Alice Allevi, i 30 anni e le nuove consapevolezze



In queste settimane, la RAI sta mandando in onda una fiction tratta da una serie di romanzi di Alessia Gazzola, "L'Allieva".
Quando, ormai cinque anni fa, entrando in libreria vidi sul banco delle novità il romanzo che iniziava le avventure di Alice Allevi, ne fui subito conquistata. Alice, a metà fra Kay Scarpetta e Grey's Anatomy - così recitava la frase sulla bandella - mi conquistò al primo capitolo.
Alice è una donna normale, con problemi normalissimi: non sa cosa vuol fare da grande, l'ansia da prestazione sul lavoro, l'insicurezza cronica, un'imbranataggine da record e l'intraprendenza guidata dall'istinto. Alice è tutti noi. Alice non si alza con i capelli perfetti e il trucco perfetto. Alice ama la moda e paga cara la sua passione. Letteralmente. Alice è confusa: su se stessa, sull'amore, sulle amicizie. Alice ha una famiglia premurosa alle spalle con la quale ha un rapporto pacifico e perfettamente normale. Niente traumi per Alice. Niente passato burrascoso. Alice è una ragazza normale con problemi normali. E questo la rende noiosa?NO!Alice è meravigliosa proprio per questo.
Nel corso dei cinque romanzi che la vedono protagonista, il lettore la vede crescere e maturare. Impara molto non solo sul lavoro ma soprattutto su se stessa e su cosa vuole dalla sua vita relazionale e non vedo l'ora di vedere dove questo la porterà un giorno, perché Alice è così vicina a noi, persone reali, che il suo successo diventa il mio successo, la sua delusione diventa la mia delusione e le dure lezioni che riceve, sono lezioni che, in un modo o nell'altro, abbiamo ricevuto anche noi.

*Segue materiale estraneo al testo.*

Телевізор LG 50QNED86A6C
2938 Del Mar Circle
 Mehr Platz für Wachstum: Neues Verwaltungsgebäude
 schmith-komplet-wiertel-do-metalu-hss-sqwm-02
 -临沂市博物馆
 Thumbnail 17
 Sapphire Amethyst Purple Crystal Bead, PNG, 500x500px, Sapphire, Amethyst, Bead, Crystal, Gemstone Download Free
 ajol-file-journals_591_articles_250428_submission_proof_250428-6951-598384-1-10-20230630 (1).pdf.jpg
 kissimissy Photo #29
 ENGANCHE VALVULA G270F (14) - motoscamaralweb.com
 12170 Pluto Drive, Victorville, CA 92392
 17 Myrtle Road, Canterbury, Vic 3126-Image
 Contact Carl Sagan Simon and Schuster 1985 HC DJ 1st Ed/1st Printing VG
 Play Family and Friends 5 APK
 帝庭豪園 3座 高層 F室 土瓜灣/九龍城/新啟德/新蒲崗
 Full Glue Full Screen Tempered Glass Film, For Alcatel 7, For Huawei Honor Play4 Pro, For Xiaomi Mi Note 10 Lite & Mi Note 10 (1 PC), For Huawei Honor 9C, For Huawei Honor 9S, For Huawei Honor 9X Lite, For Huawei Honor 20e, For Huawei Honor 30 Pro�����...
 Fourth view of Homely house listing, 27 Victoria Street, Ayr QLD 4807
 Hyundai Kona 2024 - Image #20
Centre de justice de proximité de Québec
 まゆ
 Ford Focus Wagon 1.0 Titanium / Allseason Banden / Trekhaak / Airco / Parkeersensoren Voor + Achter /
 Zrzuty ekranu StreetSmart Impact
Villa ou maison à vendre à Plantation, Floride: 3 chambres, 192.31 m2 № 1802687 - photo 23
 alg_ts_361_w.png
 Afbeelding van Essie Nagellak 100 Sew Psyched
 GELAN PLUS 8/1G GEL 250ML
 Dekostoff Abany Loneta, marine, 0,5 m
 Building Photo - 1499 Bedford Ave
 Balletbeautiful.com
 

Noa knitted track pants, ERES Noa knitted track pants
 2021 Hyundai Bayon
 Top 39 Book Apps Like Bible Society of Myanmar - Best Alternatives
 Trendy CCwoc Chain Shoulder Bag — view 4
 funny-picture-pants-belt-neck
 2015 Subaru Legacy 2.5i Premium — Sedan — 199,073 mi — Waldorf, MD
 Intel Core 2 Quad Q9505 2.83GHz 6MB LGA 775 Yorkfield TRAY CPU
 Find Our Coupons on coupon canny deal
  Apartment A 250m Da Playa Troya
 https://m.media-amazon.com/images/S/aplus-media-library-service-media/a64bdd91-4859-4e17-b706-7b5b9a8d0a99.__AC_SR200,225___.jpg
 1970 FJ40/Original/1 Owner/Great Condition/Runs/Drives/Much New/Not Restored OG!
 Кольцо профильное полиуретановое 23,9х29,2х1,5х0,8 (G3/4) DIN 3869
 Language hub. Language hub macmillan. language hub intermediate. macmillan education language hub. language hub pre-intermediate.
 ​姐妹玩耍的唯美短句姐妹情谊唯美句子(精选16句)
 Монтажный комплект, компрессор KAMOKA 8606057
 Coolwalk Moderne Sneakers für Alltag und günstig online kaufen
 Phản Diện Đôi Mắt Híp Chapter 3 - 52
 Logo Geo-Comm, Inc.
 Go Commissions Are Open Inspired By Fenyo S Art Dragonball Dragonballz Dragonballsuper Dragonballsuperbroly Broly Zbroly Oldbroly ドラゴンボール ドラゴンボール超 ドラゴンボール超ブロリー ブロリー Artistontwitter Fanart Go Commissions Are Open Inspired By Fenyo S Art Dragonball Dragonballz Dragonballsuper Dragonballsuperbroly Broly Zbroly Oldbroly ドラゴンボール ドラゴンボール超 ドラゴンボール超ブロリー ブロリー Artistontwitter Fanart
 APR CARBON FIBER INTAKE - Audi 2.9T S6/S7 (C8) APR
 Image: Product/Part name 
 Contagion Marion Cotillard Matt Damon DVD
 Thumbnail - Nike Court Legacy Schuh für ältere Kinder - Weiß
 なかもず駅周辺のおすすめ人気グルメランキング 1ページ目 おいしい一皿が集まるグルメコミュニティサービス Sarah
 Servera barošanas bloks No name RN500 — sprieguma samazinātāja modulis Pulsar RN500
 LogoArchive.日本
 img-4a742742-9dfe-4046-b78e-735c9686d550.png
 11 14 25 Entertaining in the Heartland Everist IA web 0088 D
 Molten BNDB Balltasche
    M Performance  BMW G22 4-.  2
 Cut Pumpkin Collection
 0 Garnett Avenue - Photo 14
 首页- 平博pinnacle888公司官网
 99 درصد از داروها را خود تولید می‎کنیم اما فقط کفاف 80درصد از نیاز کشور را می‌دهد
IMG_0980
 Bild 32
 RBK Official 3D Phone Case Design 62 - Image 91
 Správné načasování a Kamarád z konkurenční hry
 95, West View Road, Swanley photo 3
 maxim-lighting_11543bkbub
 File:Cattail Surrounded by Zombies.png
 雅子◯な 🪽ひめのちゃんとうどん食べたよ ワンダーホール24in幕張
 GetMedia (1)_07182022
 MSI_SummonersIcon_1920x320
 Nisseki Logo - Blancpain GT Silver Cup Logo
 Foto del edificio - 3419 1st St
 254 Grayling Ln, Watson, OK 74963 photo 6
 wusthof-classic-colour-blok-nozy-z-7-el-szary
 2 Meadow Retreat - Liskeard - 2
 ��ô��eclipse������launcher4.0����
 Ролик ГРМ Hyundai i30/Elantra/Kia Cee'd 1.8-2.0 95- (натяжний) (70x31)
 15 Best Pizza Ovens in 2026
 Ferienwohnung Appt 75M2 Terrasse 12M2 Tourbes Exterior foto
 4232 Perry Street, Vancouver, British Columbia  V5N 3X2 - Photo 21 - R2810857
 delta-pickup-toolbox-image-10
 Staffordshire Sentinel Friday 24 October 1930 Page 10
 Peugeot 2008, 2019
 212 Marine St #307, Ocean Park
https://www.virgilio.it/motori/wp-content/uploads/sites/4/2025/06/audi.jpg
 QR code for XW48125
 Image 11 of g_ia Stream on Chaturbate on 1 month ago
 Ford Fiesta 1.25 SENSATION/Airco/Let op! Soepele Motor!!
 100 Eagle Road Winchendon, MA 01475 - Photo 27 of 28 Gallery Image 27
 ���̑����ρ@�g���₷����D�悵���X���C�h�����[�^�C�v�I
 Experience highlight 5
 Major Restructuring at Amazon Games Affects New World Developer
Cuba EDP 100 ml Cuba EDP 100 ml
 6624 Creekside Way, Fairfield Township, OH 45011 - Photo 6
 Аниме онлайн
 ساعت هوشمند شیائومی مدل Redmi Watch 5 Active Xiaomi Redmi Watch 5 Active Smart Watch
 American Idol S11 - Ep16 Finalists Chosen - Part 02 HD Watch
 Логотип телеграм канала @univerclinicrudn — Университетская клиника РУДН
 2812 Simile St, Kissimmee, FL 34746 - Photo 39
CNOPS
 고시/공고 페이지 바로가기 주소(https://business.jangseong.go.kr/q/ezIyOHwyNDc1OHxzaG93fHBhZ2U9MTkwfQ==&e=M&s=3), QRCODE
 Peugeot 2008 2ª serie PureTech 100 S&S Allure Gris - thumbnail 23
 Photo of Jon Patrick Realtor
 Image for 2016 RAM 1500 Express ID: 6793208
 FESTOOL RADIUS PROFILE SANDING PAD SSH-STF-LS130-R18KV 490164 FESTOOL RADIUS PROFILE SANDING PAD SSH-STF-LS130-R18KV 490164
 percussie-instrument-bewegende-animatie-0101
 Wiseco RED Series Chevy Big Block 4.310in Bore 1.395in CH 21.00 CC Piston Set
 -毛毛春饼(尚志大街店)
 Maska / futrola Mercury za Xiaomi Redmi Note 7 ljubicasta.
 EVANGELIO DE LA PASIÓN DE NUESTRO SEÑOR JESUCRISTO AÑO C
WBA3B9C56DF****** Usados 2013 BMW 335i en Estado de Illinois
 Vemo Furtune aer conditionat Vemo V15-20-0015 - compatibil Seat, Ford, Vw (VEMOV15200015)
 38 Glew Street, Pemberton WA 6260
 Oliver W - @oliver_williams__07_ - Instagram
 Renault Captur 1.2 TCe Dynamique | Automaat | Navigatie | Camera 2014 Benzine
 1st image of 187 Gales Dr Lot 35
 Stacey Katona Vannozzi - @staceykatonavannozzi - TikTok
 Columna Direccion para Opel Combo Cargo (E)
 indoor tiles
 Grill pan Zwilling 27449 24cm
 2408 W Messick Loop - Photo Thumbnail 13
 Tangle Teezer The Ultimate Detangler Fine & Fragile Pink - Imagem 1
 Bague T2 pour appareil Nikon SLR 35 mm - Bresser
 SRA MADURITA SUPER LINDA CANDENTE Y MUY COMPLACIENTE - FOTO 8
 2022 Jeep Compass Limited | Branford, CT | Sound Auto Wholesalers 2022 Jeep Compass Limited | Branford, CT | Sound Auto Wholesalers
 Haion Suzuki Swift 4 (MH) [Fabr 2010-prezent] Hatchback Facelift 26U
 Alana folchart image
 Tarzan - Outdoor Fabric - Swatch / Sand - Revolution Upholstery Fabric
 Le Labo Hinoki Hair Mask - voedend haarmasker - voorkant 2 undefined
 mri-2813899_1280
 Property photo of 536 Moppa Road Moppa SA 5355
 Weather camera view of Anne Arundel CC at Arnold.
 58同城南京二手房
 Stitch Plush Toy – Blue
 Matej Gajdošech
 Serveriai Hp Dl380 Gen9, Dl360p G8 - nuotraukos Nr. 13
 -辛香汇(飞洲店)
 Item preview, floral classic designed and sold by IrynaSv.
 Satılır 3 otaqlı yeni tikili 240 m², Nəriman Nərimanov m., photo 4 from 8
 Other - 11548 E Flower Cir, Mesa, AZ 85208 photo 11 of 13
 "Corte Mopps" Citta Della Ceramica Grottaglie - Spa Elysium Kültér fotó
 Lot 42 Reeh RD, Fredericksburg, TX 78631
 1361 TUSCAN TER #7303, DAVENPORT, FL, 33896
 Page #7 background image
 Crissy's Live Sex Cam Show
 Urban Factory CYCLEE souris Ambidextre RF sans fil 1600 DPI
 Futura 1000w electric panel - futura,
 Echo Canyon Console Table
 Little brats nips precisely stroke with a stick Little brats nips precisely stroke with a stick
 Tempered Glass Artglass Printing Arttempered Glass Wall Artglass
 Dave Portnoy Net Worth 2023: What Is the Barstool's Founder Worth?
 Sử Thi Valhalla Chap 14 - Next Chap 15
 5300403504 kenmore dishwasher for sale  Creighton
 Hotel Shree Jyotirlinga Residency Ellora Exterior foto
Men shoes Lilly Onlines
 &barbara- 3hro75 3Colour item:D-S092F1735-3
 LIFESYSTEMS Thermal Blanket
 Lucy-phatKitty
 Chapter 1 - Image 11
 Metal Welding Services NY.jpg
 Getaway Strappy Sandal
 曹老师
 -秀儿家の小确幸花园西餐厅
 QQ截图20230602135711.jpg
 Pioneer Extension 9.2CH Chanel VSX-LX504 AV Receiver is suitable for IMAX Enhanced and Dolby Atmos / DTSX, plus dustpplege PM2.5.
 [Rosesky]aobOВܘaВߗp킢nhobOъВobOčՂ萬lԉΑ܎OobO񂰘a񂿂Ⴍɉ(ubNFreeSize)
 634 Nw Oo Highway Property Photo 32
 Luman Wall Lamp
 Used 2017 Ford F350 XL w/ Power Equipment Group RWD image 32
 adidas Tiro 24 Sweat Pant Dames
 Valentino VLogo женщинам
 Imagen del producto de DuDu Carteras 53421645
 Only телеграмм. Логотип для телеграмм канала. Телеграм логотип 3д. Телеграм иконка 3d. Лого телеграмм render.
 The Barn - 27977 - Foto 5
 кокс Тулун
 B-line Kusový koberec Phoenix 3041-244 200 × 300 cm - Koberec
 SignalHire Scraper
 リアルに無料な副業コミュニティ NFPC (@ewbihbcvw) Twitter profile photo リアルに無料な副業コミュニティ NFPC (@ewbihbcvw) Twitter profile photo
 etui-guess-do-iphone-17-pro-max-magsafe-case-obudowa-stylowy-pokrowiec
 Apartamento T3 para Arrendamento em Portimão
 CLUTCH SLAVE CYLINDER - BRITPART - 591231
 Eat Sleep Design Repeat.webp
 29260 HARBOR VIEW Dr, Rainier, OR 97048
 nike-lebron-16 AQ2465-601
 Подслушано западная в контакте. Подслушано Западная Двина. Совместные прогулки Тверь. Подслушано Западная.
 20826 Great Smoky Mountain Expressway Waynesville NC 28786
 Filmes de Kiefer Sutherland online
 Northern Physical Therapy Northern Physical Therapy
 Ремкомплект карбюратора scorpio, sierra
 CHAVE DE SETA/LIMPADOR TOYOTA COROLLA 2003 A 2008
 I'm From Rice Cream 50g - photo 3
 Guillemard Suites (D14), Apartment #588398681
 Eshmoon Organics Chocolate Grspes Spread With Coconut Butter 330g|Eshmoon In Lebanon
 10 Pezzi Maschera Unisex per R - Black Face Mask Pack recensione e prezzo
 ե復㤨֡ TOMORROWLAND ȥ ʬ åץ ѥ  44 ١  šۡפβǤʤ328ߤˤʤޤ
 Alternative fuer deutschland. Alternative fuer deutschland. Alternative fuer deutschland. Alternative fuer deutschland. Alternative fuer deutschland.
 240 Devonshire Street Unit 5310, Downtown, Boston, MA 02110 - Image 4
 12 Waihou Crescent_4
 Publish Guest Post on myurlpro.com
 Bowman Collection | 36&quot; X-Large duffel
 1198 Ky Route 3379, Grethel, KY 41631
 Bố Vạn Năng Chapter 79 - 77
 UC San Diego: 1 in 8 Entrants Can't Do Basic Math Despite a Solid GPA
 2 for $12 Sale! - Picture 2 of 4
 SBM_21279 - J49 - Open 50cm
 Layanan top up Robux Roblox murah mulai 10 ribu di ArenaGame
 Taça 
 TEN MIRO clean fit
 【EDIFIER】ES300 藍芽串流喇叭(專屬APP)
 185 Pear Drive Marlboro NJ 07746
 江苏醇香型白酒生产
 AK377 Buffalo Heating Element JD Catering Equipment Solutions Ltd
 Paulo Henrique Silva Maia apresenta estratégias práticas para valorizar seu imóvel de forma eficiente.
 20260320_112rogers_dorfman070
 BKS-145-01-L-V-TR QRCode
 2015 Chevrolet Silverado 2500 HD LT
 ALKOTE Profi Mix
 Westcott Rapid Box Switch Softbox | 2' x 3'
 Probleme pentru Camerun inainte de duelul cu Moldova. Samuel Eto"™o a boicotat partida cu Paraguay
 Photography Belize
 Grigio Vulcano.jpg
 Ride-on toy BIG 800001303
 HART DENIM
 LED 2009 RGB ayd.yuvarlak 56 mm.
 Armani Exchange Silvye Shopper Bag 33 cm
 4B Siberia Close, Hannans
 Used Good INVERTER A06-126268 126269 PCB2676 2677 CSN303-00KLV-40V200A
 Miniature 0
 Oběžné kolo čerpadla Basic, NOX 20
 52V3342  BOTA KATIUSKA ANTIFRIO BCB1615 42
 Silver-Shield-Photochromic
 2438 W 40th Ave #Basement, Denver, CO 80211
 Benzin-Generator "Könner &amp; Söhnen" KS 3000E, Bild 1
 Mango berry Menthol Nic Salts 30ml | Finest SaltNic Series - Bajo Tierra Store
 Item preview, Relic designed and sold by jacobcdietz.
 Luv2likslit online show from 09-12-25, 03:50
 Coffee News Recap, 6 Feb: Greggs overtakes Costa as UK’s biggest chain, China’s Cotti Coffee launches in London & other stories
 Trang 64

Perché, dunque, parlare di Alice e dei 30 anni nello stesso articolo?Perché oggi la Khaleesi, Mother of Dragons, Breaker of Chains Stormborn Daenerys Targaryen, al secolo Emilia Clarke, compie 30 anni e sotto una delle sue foto su Facebook qualcuno ha scritto: «Ma davvero?La facevo più giovane?». In quanto trentenne mi sono sentita offesa. Prima di compiere i fatidici thirtysomething, con una mia amica, scherzavamo su quanto sembrasse spaventoso questo traguardo, sul fatto che ci sembrasse l'inizio di qualcosa di preoccupante. (E su quanto sia vagamente offensivo da parte dei media rappresentare i 30 come un baratro). 
Beh, indovinate un po', lo è ma anche no. Per me, ad esempio, è stato un punto di partenza.
Quando Noemi stava per compiere i suoi di 30, cantò una canzone bellissima: "Vuoto a perdere". Era la colonna sonora del film "Femmine contro Maschi" - la canzone è stata persino candidata ai Nastri d'Argento! - e riusciva a mettere in musica alla perfezione cosa ho provato io quando ho compiuto i miei di 30 anni. 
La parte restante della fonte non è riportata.